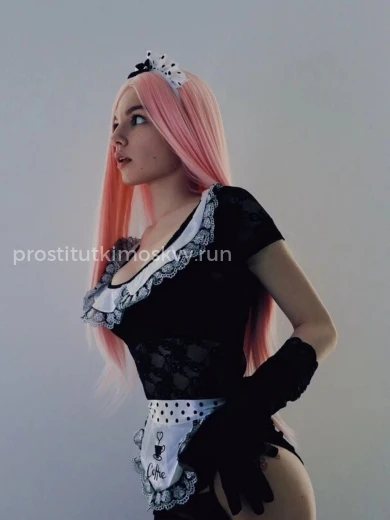 Проститутка Екатерина - Фото 3 №173588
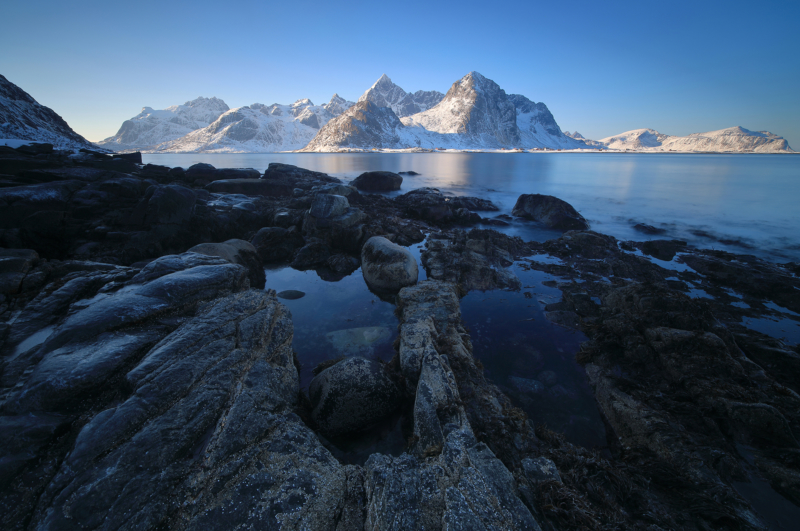 Lofoten Islands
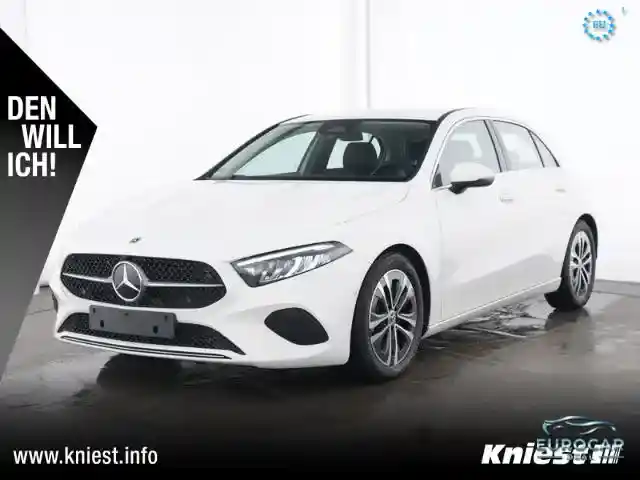 Mercedes-Benz A 220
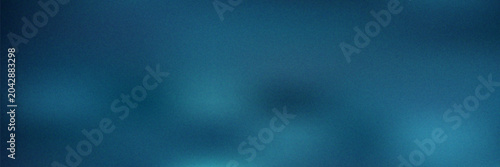 Cuadro en lienzo Dark blue gradient color background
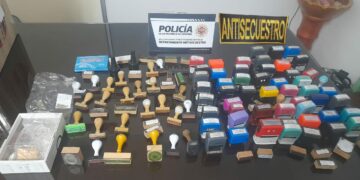 Estafa millonaria a Apross: hay 15 detenidos y más de $ 12 millones secuestrados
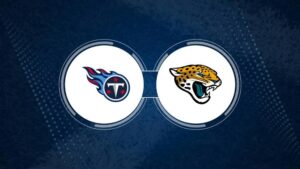 Titans vs. Jaguars Same Game Parlay Picks – NFL Week 17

_INSTRUCTIONS TO FOLLOW:_
Would you please restate the records word for word, excluding any images?

_RESULT OF THIS EXERCISE:_
 Проститутка Екатерина - Фото 3 №173588
 Lofoten Islands
 Mercedes-Benz A 220
 Cuadro en lienzo Dark blue gradient color background
 Estafa millonaria a Apross: hay 15 detenidos y más de $ 12 millones secuestrados
 Titans vs. Jaguars Same Game Parlay Picks – NFL Week 17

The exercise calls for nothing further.